Avez-vous, comme elle, oublié de grandir ?
Peut-être mais cela, surtout, me permet de l’incarner ! La seule chose importante, ici, c’est d’avoir de l’empathie pour elle.
Clara Haskil a vécu de nombreux drames dans sa vie. Et parmi eux, un, qui lui fût insurmontable, c’est le trac.
Oui, elle en a été paralysée pendant de nombreuses années. Le plus beau cadeau que je puisse lui faire, c’est de justement, essayer de ne pas en avoir avant d’aller en scène. Pour elle.
Vous n’avez jamais connu le trac ?
En tout cas, je ne joue plus jamais en pensant que l’on va me juger. D’où que viennent les remarques. Je ne lis absolument aucune critique par exemple, même si elles sont bonnes. Je me refuse à jouer avec la peur, et avec le temps, j’ai appris le lâcher-prise.

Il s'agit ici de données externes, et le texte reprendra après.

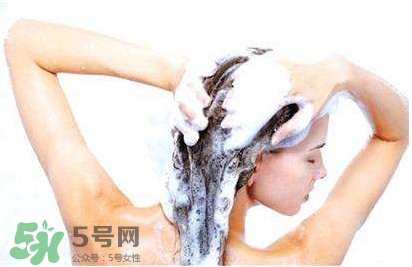 老人誤喝洗發(fā)乳 洗發(fā)乳是洗發(fā)水還是護(hù)發(fā)素？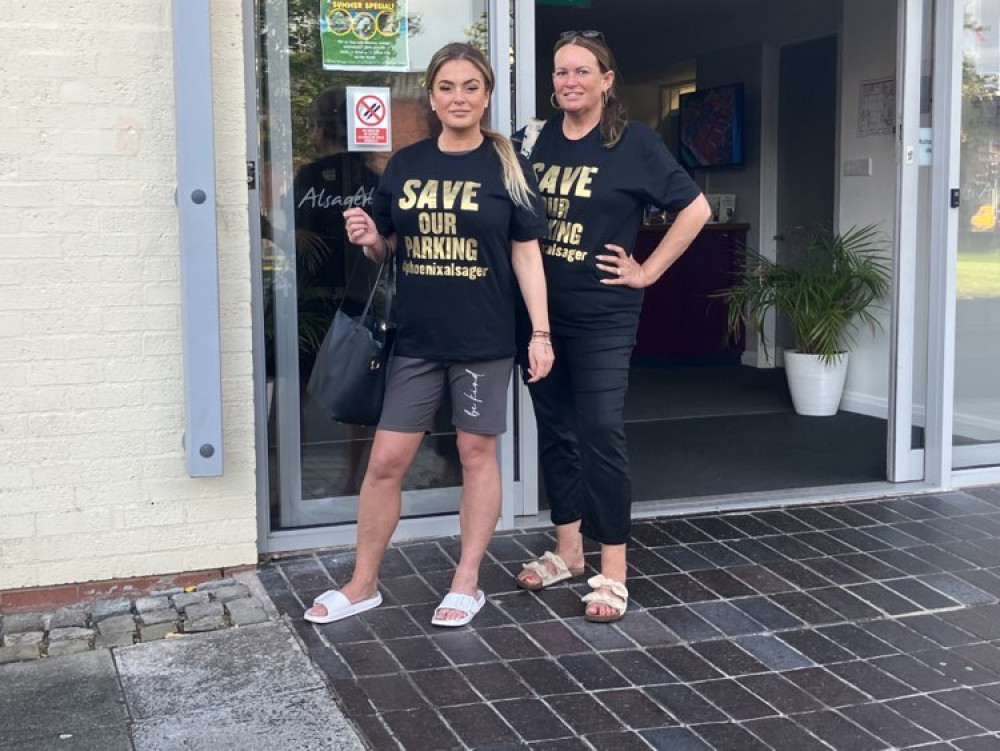 Heidi and Caron with their T-shirts (Photo: Heidi Evans) Heidi and Caron with their T-shirts (Photo: Heidi Evans)
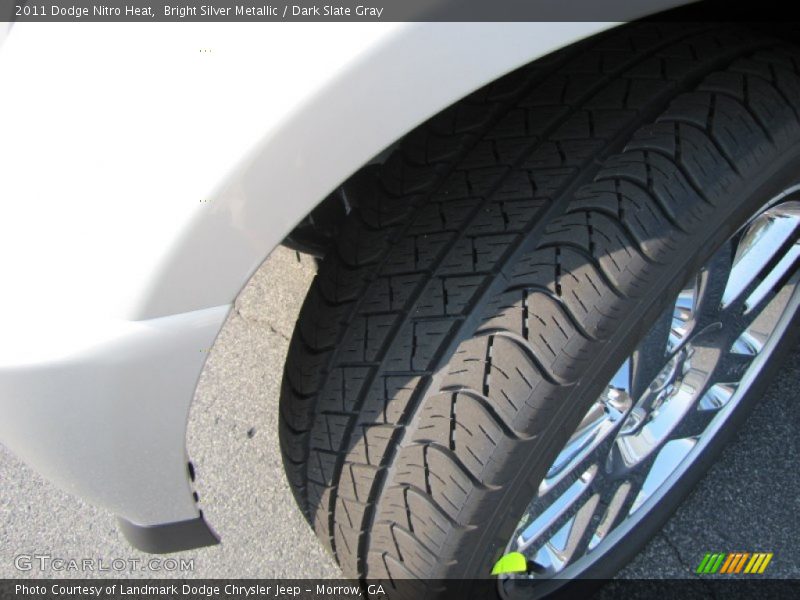Bright Silver Metallic / Dark Slate Gray 2011 Dodge Nitro Heat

J’ouvre les vannes en grand, sans avoir besoin de les refermer parce que j’ai appris à les gérer. Ici, seule en scène, j’ai une liberté sans fin, mais dans le fond, je suis un cheval fou qui a besoin de cadre. Et le théâtre est aussi fait de cadre.
Comment jongle-t-on avec les horaires et la vie lorsqu’on a quatre enfants et un métier comme le vôtre ?
Vous savez, je viens d’une génération de femmes qui se sont beaucoup soumises à leur famille. Ma grand-mère, immigrée italienne, n’a jamais fait d’études. Ma mère s’est beaucoup donnée à ses enfants. Et moi, j’ai compris, grâce à elles, que je ne me sacrifierai pas. Je me devais de briser les chaînes, je l’ai fait, et j’exhorte mes filles à le faire aussi.
Avez-vous souffert, lorsque vous étiez top model, du regard des hommes sur vous ?
J’ai eu une chance énorme : celle d’avoir les armes pour me défendre, si d’aventure on voulait aller trop loin avec moi. J’ai été suffisamment solide pour développer une sorte d’instinct de survie.
Les femmes aujourd’hui, dans la mode et dans le cinéma, ont-elles réussi à reconquérir leur place ?
Le mouvement #metoo me touche énormément. Car on voit bien, maintenant, que les choses ont changé. La terre a tremblé avec ces femmes courageuses qui ont dénoncé l’insupportable. Le monde bouge, il ne sera plus jamais comme avant sur bien des points, et tant mieux. C’est en cela qu’il ne faut pas voir le monde en noir. L’important, c’est ce qui se fait et pas seulement ce que l’on subit.